Viscoveryソフトウェアを使用する場合、SOMアルゴリズムの詳細については、まったく意識する必要がありません。長年の豊富な経験からデータマイニング・プロジェクトに最適な調整がすでになされております。ここでユーザーが設定するのは、マップのノード数と縦横比、テンションのみです。ほとんどコンパクト・ディジタル・カメラ並みの簡単さで設定ができます。
 
マップのノード数について、かつてアカデミックの世界で1ノードあたり平均10データレコードがマッチするように、データレコード数からノード数を設定するという議論がありましたが、実践的なデータマイニングの経験から、ノード数は500から5000程度までで設定すればよいことがわかっております。
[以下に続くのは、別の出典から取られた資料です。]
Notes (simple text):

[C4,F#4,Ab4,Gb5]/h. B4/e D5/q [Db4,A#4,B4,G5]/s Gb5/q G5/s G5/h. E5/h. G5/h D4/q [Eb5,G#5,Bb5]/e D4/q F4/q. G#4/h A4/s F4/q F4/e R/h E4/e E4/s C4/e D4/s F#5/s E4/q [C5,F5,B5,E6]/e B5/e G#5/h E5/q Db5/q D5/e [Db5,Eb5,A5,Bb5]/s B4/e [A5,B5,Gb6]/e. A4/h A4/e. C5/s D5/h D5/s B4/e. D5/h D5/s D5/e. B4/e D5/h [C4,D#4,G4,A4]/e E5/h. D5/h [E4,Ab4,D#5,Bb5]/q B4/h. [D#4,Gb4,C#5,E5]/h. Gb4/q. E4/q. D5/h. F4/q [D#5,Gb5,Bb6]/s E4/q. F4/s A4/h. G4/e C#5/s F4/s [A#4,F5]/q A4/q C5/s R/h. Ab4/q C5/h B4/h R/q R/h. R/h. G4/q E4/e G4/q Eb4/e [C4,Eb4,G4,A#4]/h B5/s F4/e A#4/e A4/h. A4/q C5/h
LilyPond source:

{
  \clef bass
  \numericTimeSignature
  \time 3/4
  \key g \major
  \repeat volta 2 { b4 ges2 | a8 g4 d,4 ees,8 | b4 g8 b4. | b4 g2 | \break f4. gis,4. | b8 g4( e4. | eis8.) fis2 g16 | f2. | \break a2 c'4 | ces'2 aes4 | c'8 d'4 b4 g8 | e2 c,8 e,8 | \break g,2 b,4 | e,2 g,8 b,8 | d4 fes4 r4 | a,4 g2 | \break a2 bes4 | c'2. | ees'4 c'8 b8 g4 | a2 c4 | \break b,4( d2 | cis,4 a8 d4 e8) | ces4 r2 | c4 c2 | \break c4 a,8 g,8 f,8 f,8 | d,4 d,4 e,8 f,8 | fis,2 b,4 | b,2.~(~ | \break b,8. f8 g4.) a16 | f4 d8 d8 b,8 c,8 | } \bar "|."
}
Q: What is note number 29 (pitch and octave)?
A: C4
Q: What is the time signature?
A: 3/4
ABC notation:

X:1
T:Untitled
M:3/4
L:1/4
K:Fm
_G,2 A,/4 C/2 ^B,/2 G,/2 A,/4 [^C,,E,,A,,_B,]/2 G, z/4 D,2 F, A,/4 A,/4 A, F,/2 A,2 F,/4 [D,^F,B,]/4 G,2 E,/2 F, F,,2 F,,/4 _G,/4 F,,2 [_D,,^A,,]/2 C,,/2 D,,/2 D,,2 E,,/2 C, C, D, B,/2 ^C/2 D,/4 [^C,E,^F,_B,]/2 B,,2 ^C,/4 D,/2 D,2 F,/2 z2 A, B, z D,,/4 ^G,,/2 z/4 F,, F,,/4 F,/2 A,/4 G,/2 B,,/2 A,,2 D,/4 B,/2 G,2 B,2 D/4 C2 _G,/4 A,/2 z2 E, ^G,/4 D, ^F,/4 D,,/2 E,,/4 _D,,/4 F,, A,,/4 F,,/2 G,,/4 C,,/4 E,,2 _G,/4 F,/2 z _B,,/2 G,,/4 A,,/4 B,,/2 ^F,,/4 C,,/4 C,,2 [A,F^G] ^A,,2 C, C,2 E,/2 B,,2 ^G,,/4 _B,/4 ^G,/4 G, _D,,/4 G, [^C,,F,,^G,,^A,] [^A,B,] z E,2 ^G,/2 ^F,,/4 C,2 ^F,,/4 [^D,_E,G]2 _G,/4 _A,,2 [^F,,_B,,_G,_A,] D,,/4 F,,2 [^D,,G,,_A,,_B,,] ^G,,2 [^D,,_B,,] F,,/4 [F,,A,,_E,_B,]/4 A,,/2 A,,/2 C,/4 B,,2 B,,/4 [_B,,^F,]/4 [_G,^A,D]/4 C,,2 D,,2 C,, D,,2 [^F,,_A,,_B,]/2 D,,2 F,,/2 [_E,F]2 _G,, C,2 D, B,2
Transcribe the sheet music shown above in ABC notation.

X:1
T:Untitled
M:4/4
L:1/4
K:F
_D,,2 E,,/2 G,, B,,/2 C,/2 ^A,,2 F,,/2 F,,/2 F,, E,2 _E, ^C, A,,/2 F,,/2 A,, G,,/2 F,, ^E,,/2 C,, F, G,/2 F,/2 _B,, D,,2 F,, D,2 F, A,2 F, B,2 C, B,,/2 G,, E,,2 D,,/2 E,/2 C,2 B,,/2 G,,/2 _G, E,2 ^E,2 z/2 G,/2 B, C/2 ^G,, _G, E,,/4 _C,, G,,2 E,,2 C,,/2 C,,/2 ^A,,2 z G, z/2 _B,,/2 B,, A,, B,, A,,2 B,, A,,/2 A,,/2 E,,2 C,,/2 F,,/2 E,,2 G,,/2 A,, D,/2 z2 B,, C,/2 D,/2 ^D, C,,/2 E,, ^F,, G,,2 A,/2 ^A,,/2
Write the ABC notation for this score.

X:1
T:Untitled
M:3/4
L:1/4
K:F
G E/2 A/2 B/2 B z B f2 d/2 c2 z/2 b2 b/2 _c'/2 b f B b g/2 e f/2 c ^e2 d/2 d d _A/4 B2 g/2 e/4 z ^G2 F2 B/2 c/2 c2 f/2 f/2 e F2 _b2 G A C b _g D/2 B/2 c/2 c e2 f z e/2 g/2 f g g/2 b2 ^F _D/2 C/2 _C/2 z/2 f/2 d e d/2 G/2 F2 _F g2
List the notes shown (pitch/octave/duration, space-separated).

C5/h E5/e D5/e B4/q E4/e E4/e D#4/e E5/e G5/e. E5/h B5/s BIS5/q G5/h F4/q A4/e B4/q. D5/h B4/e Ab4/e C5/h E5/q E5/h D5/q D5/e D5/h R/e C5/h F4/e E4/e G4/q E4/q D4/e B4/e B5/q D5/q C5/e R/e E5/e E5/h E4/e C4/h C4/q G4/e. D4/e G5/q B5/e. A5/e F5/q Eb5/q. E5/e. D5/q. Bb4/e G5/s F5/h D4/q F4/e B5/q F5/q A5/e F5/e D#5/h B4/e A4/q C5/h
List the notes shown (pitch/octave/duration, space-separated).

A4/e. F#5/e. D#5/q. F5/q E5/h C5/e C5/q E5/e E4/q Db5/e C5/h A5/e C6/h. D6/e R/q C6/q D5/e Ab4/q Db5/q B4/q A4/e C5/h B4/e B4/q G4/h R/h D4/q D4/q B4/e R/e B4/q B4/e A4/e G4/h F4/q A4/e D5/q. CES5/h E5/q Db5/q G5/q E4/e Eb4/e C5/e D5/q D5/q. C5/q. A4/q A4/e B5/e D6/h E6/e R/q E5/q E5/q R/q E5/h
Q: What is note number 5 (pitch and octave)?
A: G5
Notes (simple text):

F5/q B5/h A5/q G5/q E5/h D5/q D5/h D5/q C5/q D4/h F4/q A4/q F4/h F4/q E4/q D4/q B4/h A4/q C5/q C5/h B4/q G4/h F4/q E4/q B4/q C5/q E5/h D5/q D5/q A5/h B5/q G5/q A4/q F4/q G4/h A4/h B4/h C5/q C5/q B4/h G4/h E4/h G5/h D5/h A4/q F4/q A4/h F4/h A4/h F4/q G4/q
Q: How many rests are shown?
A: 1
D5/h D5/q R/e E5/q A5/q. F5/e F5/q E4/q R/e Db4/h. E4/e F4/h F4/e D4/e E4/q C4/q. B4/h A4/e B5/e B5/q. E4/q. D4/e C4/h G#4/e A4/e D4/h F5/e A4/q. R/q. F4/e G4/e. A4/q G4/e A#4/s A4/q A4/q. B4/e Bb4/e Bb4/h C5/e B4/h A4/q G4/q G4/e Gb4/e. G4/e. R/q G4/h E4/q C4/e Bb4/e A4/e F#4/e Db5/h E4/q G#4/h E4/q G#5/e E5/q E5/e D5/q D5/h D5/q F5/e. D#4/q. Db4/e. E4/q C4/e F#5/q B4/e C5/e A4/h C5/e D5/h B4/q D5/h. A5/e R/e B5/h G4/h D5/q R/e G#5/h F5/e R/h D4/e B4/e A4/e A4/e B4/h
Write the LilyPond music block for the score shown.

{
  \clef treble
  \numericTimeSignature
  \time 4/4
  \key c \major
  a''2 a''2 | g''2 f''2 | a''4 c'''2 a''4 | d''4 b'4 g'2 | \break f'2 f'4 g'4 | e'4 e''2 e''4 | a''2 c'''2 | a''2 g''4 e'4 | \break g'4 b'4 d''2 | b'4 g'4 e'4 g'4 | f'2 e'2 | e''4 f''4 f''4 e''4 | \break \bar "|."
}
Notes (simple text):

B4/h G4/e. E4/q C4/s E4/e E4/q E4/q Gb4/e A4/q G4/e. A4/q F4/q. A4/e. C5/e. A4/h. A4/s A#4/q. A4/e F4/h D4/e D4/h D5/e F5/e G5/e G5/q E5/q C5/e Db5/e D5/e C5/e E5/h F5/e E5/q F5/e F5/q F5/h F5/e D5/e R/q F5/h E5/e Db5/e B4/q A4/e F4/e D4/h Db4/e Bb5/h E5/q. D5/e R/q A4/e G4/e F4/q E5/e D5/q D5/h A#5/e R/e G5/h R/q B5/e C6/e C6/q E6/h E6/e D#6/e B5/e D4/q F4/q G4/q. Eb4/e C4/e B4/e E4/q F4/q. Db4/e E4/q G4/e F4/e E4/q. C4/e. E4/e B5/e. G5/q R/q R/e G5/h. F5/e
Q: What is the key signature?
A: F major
100万件のデータのために、10万個ものノードを持つSOMを(スーパーコンピュータを使うなどして)作成するのは、まったくナンセンスです。普通の高級なパソコンで十分、データマイニングが可能です。
 
縦横比は、自動で設定するのがデフォルトです。この場合、第1と第2の固有ベクトルの長さの比で縦横比が決定されます。そのほか、正方形や任意の比率に強制することも可能です。ただし、SOMのノード数は整数ですので、これらの縦横比は近似になります。
 
テンションというのは、SOMの理論から言うと、学習の最終段階の近傍関数の半径のことです。テンションがゼロの場合、SOMのノードは結束力がなく自由に動けるようになりますので、K-meansと等価になります。(SOM、とくにバッチ型SOMは、K-meansの参照ベクトルを格子でつなぎあわせて、お互いがひっぱり合うことでスムージングしたものとして解釈できます。)テンションを低くすると、データのばらつきの細部にまでよく適合するマップが得られ、テンションを高くすると、よりスムージングされたマップが得られます。
 

4. クラスタの定義(分析)

このステップでは、SOMのマップとさまざまな統計情報が表示され、マップの領域を選択するなどして、表示される統計情報からインタラクティブに分析を行います。セグメンテーション・モデルでは、マップの領域をいくつかのセグメントに分けて、セグメントごとのアクション(施策)を定義することが最終目的となりますが、それに至るための分析として、(1)多次元データの可視化、(2)クラスタリング、(3)プロファイル分析などを行います。もちろん、セグメンテーションが目的でなくても、これらの分析のためだけに使用することも可能です。さまざまな分析の詳細は、別のページで説明します。